— Supplied material —
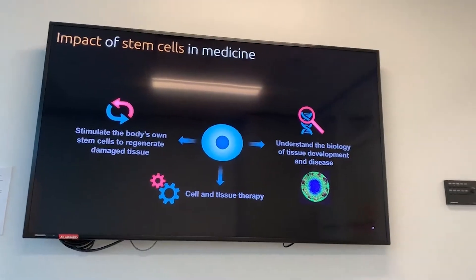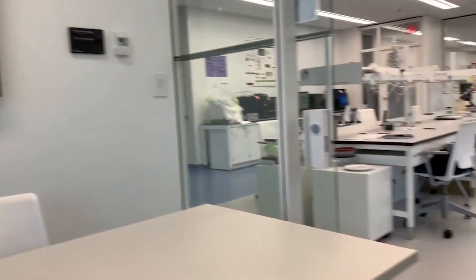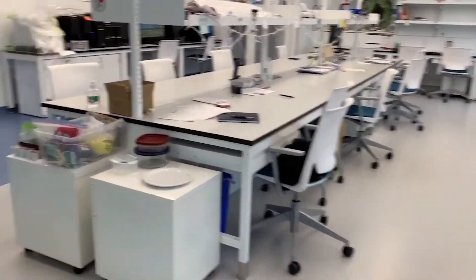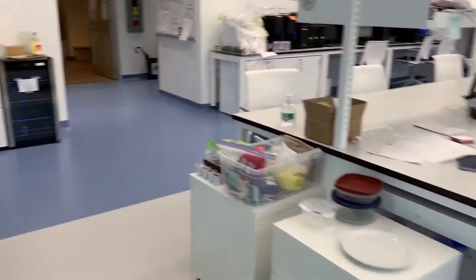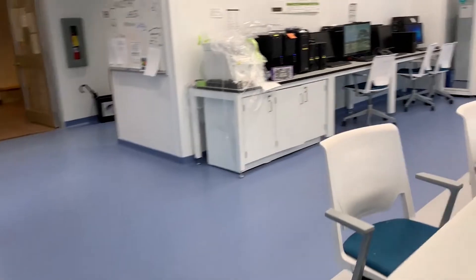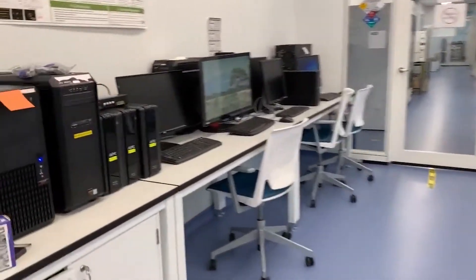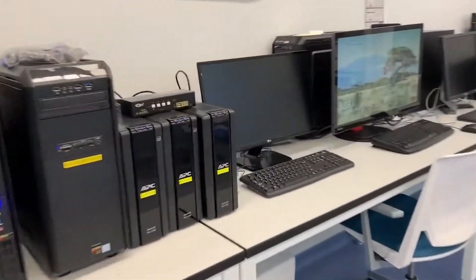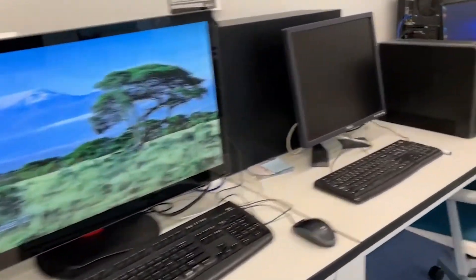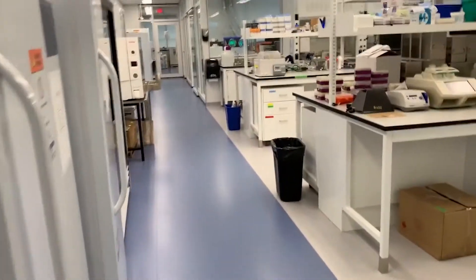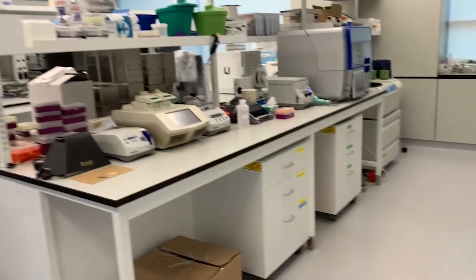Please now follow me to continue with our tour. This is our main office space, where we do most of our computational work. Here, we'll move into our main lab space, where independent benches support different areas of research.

---

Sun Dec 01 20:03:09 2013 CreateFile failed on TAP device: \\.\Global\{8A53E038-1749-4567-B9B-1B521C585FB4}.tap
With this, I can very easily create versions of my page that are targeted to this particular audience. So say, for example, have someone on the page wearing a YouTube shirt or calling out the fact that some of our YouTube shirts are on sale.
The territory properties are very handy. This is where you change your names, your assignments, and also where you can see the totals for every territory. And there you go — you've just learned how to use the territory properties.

— Problem to work on —
Only a number is wanted here: the count of lines in the data that contain the string "very".

— Output below —
2